3  Gradient Descent

3.1 Motivation

The explicit solution for linear regression with normal equation from Section 2.3.2.2 can compute the best fitting model for given datapoints. However, this method does not work in practice for larger input datasets, since the method involves matrix multiplication and inversion. The runtime for these operations is approximately cubic in size of the matrix. As a rule of thumb, the process is too time-consuming or breaks for more than 20’000 features or samples. In addition, the normal equation might become numerically instable if the input features are higly correlated.

If we cannot use the normal equation to solve an instance of linear regression explicitly, we can try to find an “as good as possible” solution, i.e. values for the parameters \(\theta\) such that the corresponding model approximates an optimal model. Note that we now introduce a second level of error: First, any linear model for a given dataset will usually not fit exactly to the data, but rather have some error (the residuals). Now, in addition, we do not expect to find the optimum solution, but rather an approximation of the best solution. Hence the expected error will be even larger. For univariate linear regression, the direction of the resulting line might be “a little off”, as shown in the figure below.

Code
import numpy as np
from matplotlib import pyplot as plt

# num samples
M = 200

# synthetic data
rng = np.random.default_rng(0xdeadbeef)
x = 2. * rng.random(size=M) - 1.
noise = rng.normal(loc=0., scale=.25, size=M)
theta_0 = .5
theta_1 = 2.
y = theta_0 + (theta_1 * x) + noise

plt.scatter(x, y)

# do stuff in matrix form
X = np.ones((M, 2))
X[:, 1] = x

# initial theta estimate
theta = np.zeros(2)

N_iter = 7
learning_rate = .5
for i in range(N_iter):
  # compute gradient
  g = np.zeros(2)
  for j in range(M):
    xj = X[j, :]
    y_pred = xj @ theta
    g += (1/ M) * (y[j] - y_pred) * xj

  theta += learning_rate * g

y_pred = X @ theta
plt.plot(x, theta_0 + (theta_1 * x), c='g')
plt.plot(x, y_pred, c='r')

plt.show()
Figure 3.1: Application of gradient descent. Input: points randomly distributed around green line. Red line: Output of gradient descent.
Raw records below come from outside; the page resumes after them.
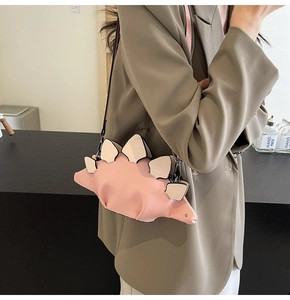 Detail of pink cartoon dinosaur crossbody bag showing PU leather texture and yellow fins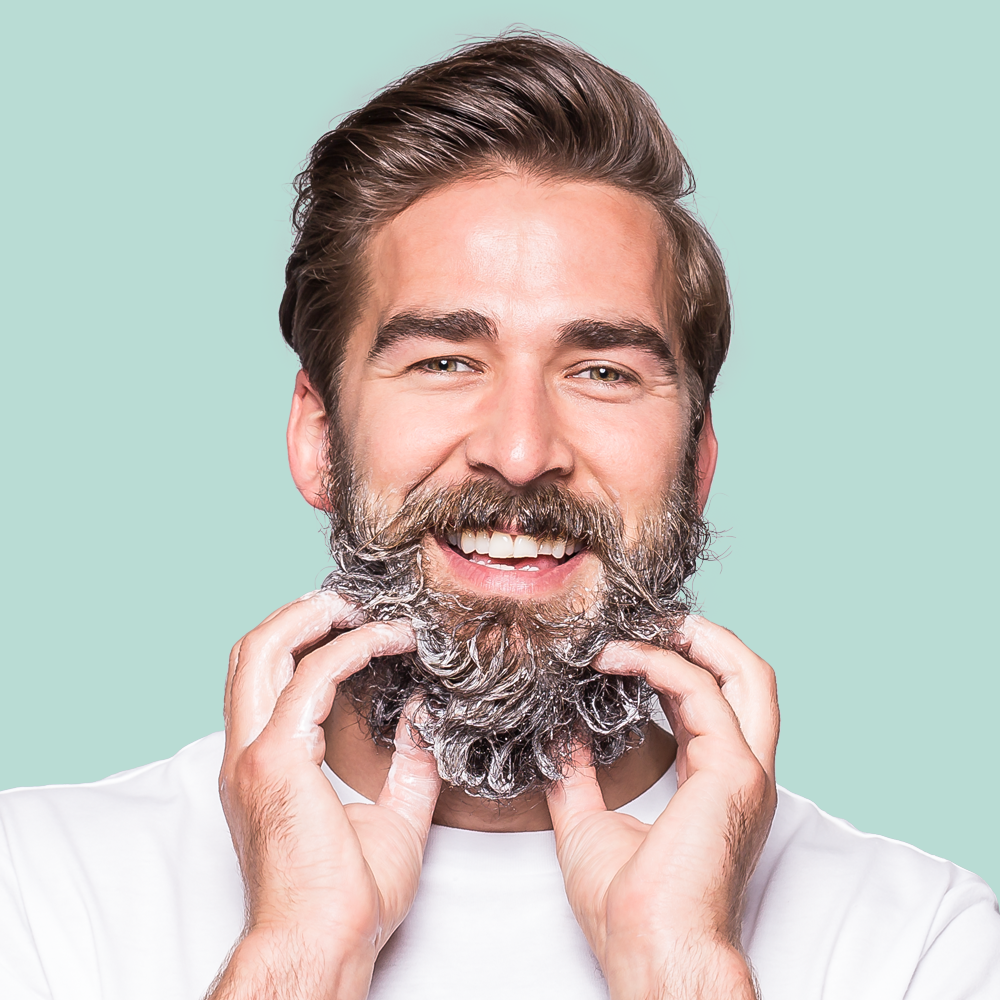 Man smiling with soapy beard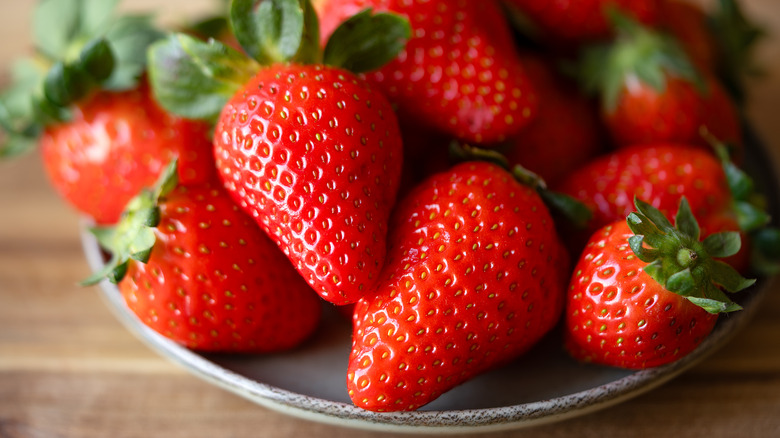 Plate of healthy strawberries on table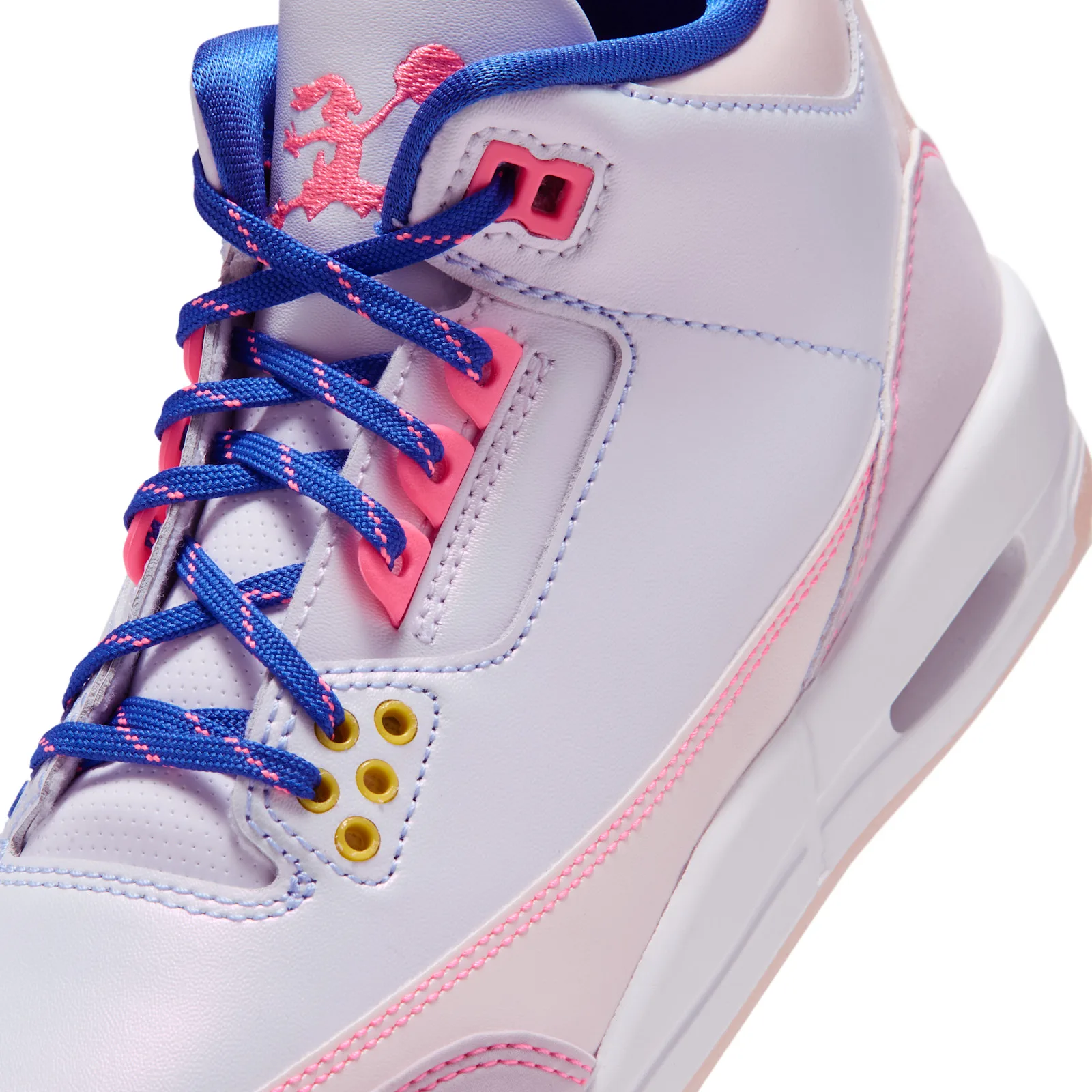 Detail of lacing and midfoot, blue laces with pink flecks, pink eyelet tabs, yellow eyelets and pink bunny logo, Lola Bunny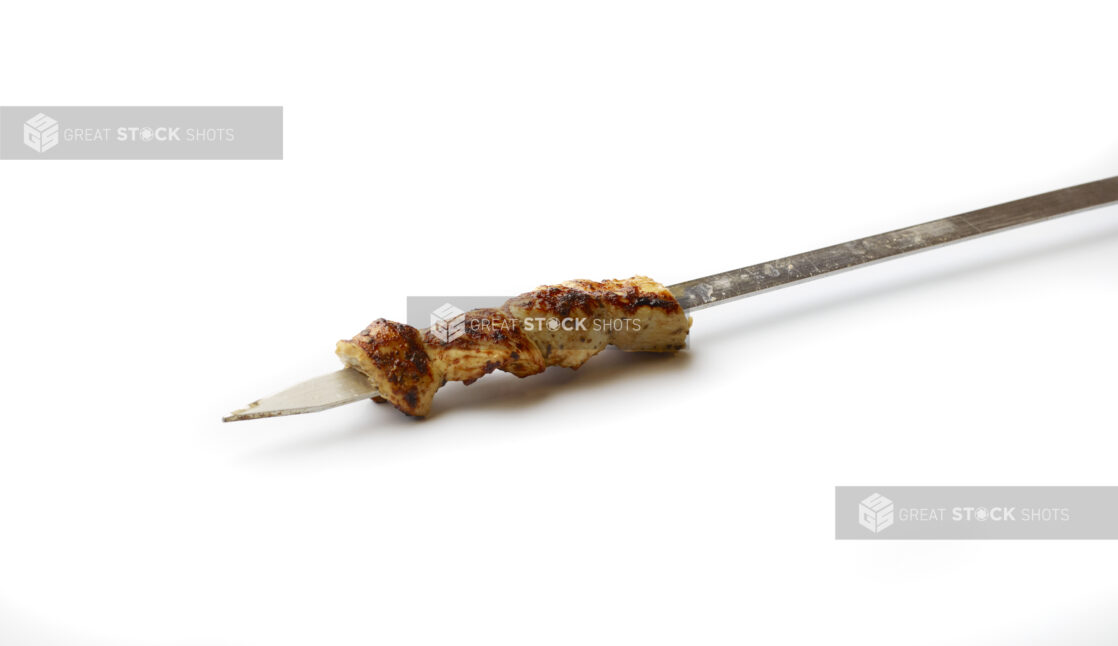 Chicken Souvlaki on a Metal Skewer, on a White Background for Isolation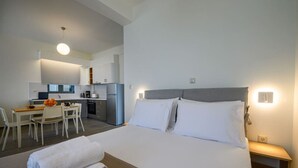 Een hotelkamer met een bed, een bureau en een kitchenette.
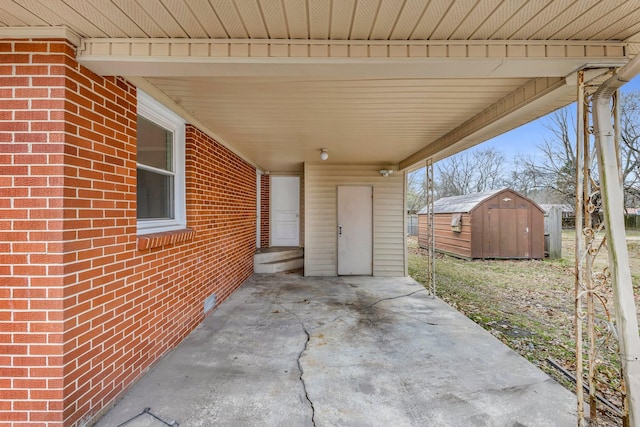 view of patio / terrace with a carport and a storage unit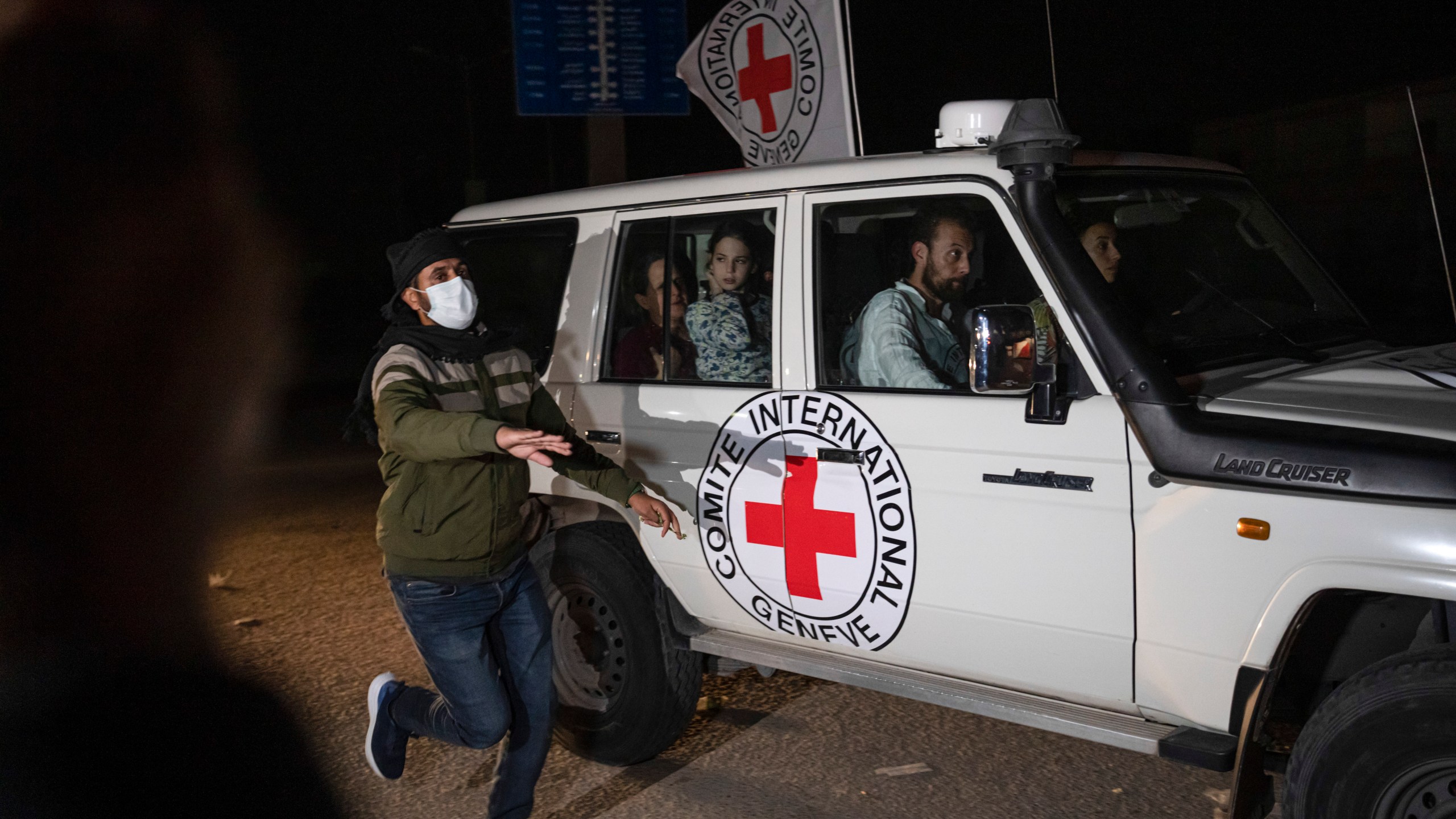 FILE - A Red Cross vehicle carrying Israeli hostages drives by at the Gaza Strip crossing into Egypt in Rafah on Nov. 25, 2023. (AP Photo/Fatima Shbair, File)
A common approach is to start with some initial values for the parameters \(\theta\) (e.g. random values), and then iteratively adapt \(\theta\) “a little bit” such that the corresponding model better fits the given data. The update step is repeated until the process converges, e.g. if the parameters do not change anymore.

Note that once the process has finished and we found our solution \(\hat{\theta}\), we can as usual compute for every input \(x\) a corresponding output \(\hat{y} = h_{\hat{\theta}}(x)\). To determine how good the data “fits the given data”, we can use the cost function \(J(\theta) = \frac{1}{2M} \sum_{m=1}^M (y^{(m)} - \hat{y}^{(m)})^2\) from Equation 2.1.

3.2 Gradient Descent Algorithm

One of the most well-known algorithms to solve this task is Gradient Descent. Figure 3.2 shows the core idea for a function where we have two paramaters that we need to find, \(\theta_0\) and \(\theta_1\). The image shows for each parameter combination the corresponding cost \(J(\theta_0, \theta_1)\) (note that the image shows the cost function of a non-linear model; for a linear model, the cost function would be convex).

Figure 3.2: Illustration of Gradient Descent: x-axis and y-axis are values of parameters \(\theta_0\) and \(\theta_1\), respectively, and the z-axis shows for each combination of \(\theta_0\) and \(\theta_1\) the cost \(J(\theta_0, \theta_1)\) of the corresponding model. Starting with initial values for \(\theta_0\) and \(\theta_1\), it follows a decending path until it ends up with good values for \(\theta_0\) and \(\theta_1\).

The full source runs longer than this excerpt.